Fred Ramsdell thought a grizzly had wandered too close.
Deep in the pine-scented quiet of the Montana wilderness, his wife’s shout pierced the calm. He froze, half-expecting to see a hulking shadow moving through the trees. Instead, Laura O’Neill came running out of their tiny teardrop trailer, waving her phone in the air like she’d just caught lightning.
“You just won the Nobel Prize!” she yelled.
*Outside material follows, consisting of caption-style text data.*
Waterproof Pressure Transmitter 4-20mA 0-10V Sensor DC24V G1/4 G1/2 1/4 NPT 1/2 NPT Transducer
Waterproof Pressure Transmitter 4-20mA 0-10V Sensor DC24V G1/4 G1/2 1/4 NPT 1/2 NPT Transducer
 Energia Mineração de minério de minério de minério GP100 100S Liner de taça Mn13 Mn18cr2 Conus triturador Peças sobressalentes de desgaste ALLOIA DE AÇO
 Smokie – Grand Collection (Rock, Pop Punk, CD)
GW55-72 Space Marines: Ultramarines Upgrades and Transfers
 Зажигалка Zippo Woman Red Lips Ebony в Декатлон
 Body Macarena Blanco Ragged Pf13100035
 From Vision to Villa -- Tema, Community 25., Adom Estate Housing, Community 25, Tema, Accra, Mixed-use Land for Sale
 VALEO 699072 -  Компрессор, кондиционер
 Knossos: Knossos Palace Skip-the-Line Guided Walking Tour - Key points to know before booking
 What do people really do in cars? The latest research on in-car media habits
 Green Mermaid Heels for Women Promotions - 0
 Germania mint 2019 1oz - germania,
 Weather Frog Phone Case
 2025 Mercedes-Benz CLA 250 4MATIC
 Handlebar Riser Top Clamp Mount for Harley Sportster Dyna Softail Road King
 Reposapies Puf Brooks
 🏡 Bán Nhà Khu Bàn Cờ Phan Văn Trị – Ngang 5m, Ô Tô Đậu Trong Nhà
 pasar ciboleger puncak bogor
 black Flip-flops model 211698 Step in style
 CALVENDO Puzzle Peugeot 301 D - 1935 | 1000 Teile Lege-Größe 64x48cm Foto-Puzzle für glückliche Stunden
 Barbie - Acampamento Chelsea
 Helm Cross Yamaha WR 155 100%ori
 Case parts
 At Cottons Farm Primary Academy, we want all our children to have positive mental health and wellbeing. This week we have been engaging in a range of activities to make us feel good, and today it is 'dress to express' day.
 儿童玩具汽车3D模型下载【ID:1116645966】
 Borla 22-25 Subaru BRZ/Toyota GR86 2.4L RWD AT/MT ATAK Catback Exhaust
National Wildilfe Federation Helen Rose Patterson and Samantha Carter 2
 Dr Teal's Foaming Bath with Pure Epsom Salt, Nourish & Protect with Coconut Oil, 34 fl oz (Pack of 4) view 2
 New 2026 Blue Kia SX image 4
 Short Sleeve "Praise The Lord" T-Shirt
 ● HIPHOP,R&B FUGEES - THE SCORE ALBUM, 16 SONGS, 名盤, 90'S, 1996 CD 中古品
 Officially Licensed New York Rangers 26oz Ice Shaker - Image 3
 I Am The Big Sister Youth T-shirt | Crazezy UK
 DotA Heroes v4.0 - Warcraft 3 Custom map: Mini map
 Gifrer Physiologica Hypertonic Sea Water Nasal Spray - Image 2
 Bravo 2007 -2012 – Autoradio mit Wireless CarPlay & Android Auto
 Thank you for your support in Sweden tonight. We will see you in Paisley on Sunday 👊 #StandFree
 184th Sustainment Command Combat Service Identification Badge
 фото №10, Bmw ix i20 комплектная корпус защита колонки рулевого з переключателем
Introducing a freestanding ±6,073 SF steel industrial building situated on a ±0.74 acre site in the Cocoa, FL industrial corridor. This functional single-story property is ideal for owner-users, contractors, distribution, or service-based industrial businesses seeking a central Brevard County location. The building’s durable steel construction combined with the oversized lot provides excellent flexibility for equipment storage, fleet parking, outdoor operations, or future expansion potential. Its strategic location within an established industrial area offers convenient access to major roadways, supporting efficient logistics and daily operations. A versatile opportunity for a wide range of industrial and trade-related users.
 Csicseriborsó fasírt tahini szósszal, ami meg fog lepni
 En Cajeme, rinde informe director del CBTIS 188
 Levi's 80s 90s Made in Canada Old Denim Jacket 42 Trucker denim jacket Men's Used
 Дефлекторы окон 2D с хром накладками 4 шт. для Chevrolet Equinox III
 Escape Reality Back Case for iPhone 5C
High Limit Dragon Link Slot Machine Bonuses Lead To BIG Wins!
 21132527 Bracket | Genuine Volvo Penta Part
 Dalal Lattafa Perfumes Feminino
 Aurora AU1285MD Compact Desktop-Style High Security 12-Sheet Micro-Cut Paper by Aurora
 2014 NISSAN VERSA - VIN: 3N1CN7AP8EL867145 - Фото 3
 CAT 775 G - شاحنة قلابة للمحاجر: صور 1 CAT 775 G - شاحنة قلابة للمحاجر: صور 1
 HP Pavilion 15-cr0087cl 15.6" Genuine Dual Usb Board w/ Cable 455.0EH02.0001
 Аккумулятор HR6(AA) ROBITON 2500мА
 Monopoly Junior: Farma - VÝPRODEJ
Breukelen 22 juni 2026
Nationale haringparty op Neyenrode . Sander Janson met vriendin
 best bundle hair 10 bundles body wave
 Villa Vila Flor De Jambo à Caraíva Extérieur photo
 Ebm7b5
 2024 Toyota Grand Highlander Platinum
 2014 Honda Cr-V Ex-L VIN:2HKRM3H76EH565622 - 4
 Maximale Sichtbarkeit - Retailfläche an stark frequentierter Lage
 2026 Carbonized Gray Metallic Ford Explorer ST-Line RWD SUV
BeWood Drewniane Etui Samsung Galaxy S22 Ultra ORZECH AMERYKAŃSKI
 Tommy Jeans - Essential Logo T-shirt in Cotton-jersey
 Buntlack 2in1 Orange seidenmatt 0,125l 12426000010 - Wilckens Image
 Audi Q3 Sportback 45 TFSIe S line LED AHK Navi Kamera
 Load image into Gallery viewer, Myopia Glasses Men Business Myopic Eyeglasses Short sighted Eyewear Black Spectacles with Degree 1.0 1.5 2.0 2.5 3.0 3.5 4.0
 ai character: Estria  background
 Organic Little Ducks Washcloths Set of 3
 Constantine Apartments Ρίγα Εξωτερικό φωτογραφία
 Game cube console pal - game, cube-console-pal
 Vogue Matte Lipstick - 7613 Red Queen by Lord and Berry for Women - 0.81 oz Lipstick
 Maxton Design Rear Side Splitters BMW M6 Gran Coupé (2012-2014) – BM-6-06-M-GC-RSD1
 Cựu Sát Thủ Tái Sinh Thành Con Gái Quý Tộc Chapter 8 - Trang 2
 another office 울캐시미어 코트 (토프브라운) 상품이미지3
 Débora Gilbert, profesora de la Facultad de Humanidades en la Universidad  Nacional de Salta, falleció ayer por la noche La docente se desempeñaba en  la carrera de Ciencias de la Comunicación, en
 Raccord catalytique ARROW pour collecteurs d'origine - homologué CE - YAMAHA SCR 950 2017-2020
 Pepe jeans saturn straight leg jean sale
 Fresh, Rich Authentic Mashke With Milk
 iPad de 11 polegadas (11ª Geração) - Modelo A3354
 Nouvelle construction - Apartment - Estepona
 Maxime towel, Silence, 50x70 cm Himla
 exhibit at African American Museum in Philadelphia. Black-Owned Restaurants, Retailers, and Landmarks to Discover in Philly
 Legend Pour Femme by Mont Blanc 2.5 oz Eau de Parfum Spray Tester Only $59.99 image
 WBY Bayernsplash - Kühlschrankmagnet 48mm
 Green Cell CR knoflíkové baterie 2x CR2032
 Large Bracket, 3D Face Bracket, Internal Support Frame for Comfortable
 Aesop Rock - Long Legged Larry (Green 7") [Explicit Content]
Ramsdell blinked. “No, I didn’t,” he said, certain she must have misread something. His phone had been on airplane mode for days; they hadn’t had a signal since Idaho. But Laura’s phone, perched on a sliver of reception, was lighting up like Times Square. “I have 200 messages saying you did!” she said, laughing and shaking her head.
And she was right.
While Ramsdell, 64, had been blissfully off-grid — camping with Laura and their two dogs in a remote patch of the Rockies — the Nobel Assembly in Stockholm had been desperately trying to reach him. At 2 a.m. Swedish time, they’d called to inform him he’d won the 2025 Nobel Prize in Physiology or Medicine, alongside two colleagues, for pioneering work that transformed how scientists understand immune tolerance — a breakthrough now saving lives through new treatments for autoimmune diseases such as multiple sclerosis, rheumatoid arthritis, and Crohn’s disease.
But the call never went through. Nor did the flood of congratulatory texts from friends, family, and his team at Sonoma Biotherapeutics, the California-based biotech firm where Ramsdell serves as chief scientist. The company later joked on social media that its Nobel-winning researcher was “living his best life — off the grid.”
When Ramsdell finally reached civilisation — a motel in Livingston with a half-decent Wi-Fi connection — he was still dazed. “I certainly didn’t expect to win the Nobel Prize,” he told reporters, his tone equal parts disbelief and understatement.
For Thomas Perlmann, secretary-general of the Nobel Assembly, it was one of the more memorable laureate hunts in recent history. “It’s never been this hard to reach someone since I took this role in 2016,” he said. His early-morning call had gone unanswered, and when Ramsdell tried ringing back later from his campsite, it was already 11 p.m. in Sweden. Perlmann, exhausted after the ceremony, was asleep. They finally connected the next morning at 6:15 a.m. Stockholm time. “Eventually, it worked,” Perlmann said, sounding amused.
For Ramsdell, a scientist who has spent his career quietly decoding the immune system, the setting could not have been more fitting. “We tend to go into the remote areas,” he said. “I spend as much time as I can up in the mountains.”
He and Laura had been winding down a three-week road trip that began in Seattle, tracing a rugged loop through Idaho, Wyoming, and Montana in their trusty Toyota 4Runner. Their travelling companions: a Gordon setter, a rescue husky mix, and the sort of silence that most city dwellers pay to find in meditation apps.
The couple’s plan for the next morning was simple — a six-hour drive north to their cabin near Whitefish, where they spend autumn and winter. No media blitz, no champagne receptions. Just the open road, pine forests, and perhaps a celebratory campfire under the stars.
“I was grateful and humbled by the award,” Ramsdell said. “Super happy for the recognition of the work — and looking forward to sharing this with my colleagues.”
In a world obsessed with notifications and breaking news, Ramsdell’s story reads like a quiet parable: that sometimes, history finds you not in a lab or at a lectern, but miles away from any signal — where the only breaking news comes as a shout from someone you love, telling you that you’ve just changed medical science forever.